● Task brief:
Write out again, word for word, the lines below from the line that holds "at the counter." through the line that holds "Sight Loss Council", omitting pictures.

● Extracted material:

[Start of section]

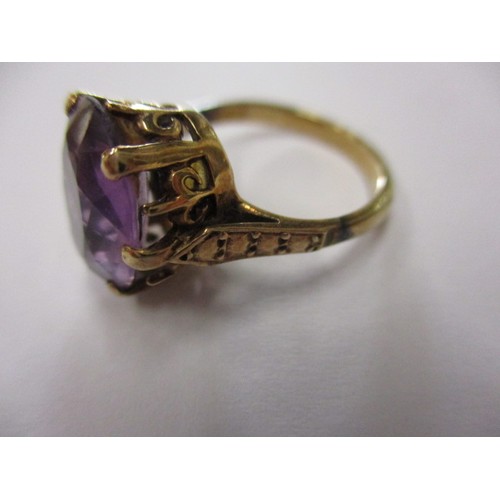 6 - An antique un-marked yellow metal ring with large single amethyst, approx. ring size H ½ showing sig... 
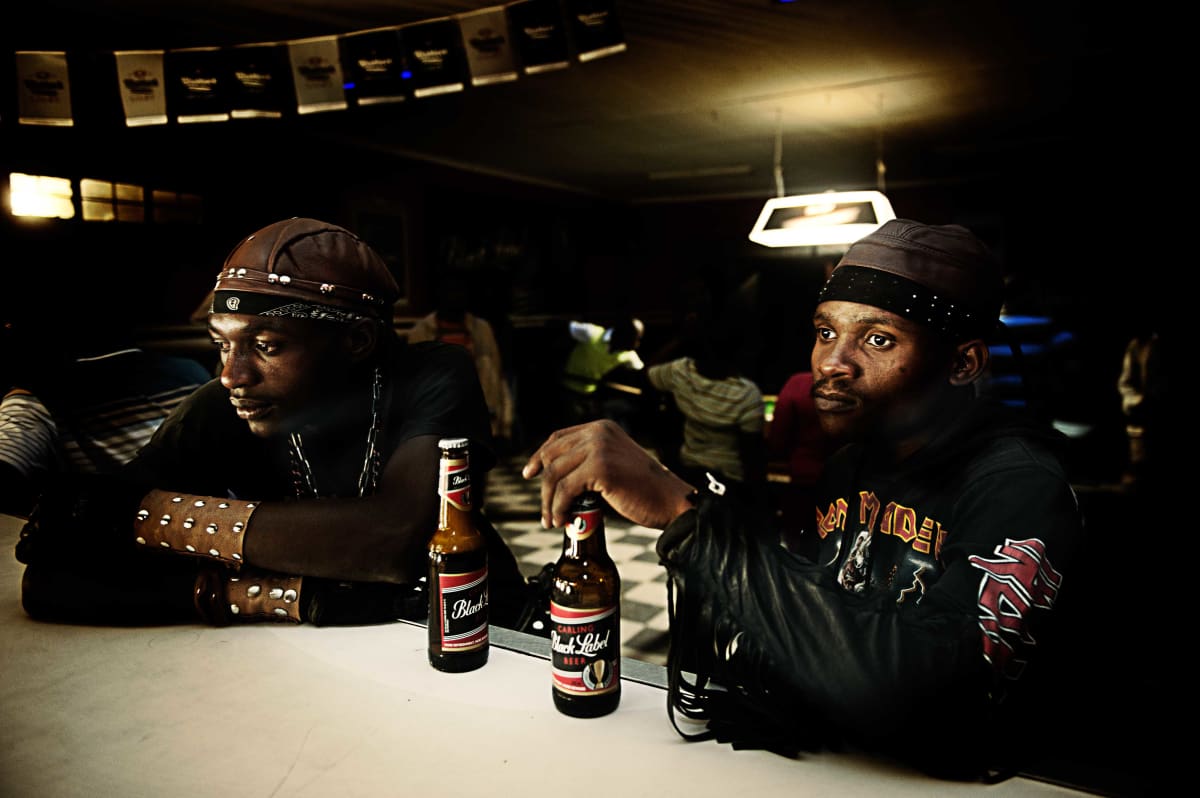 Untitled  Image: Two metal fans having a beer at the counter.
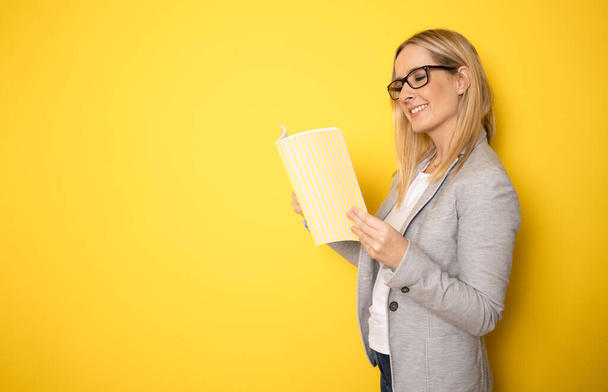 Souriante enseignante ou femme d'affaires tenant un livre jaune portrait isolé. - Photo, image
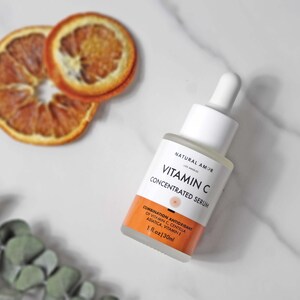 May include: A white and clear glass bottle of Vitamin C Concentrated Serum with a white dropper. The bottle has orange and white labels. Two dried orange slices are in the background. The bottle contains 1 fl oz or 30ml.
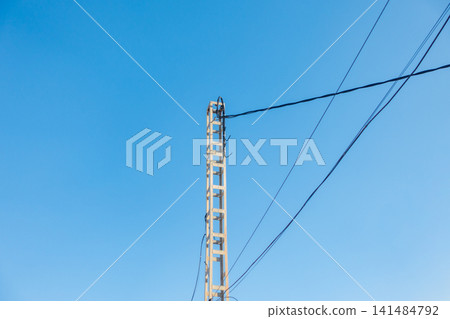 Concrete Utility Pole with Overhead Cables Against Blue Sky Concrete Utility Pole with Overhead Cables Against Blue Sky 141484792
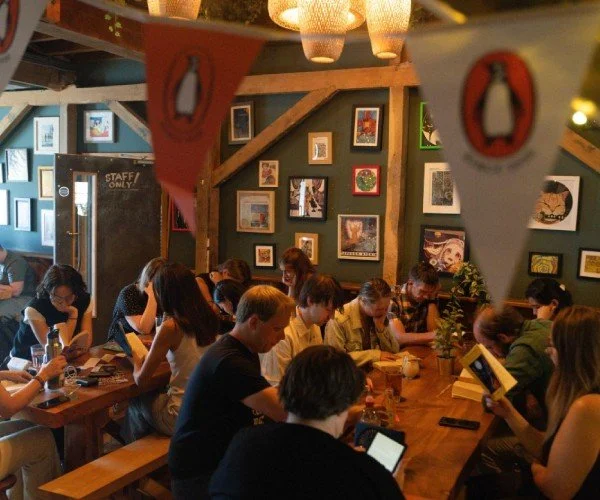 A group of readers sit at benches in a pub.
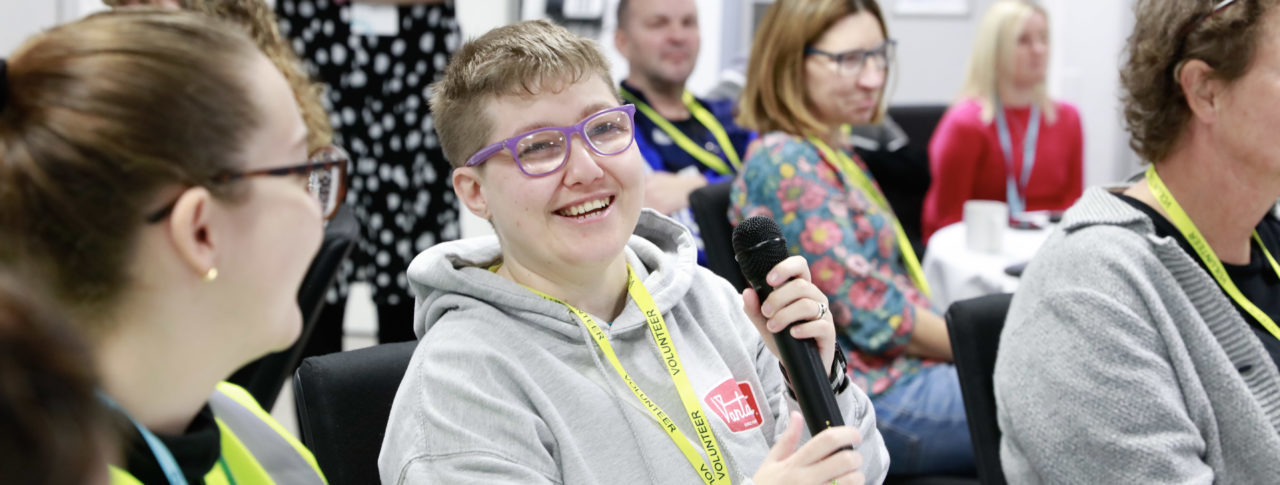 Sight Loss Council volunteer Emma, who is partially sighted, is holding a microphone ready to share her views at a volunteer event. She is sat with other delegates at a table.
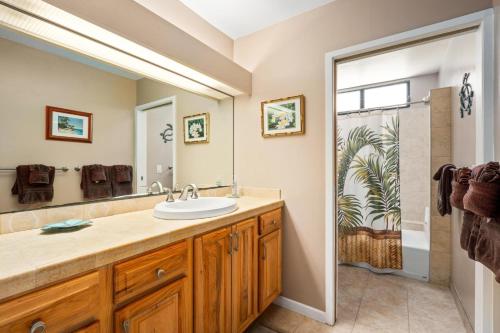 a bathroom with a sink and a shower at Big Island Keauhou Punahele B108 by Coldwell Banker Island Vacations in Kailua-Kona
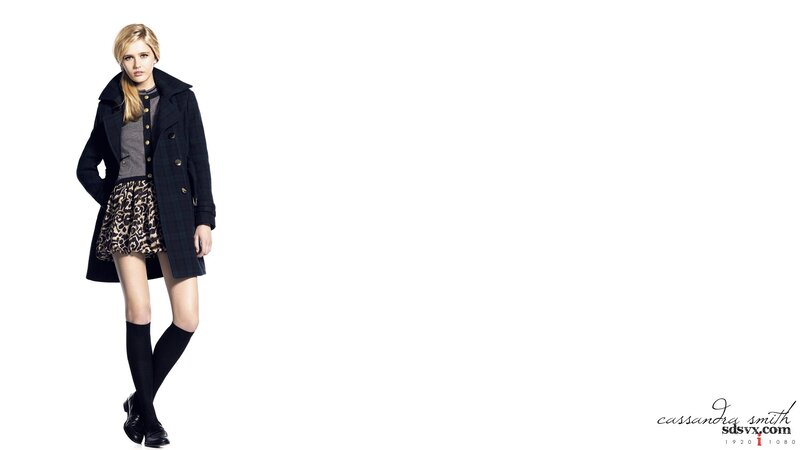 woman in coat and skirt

[End of section]

● Final answer:
 Untitled  Image: Two metal fans having a beer at the counter.
 Souriante enseignante ou femme d'affaires tenant un livre jaune portrait isolé. - Photo, image
 May include: A white and clear glass bottle of Vitamin C Concentrated Serum with a white dropper. The bottle has orange and white labels. Two dried orange slices are in the background. The bottle contains 1 fl oz or 30ml.
 Concrete Utility Pole with Overhead Cables Against Blue Sky Concrete Utility Pole with Overhead Cables Against Blue Sky 141484792
 A group of readers sit at benches in a pub.
 Sight Loss Council volunteer Emma, who is partially sighted, is holding a microphone ready to share her views at a volunteer event. She is sat with other delegates at a table.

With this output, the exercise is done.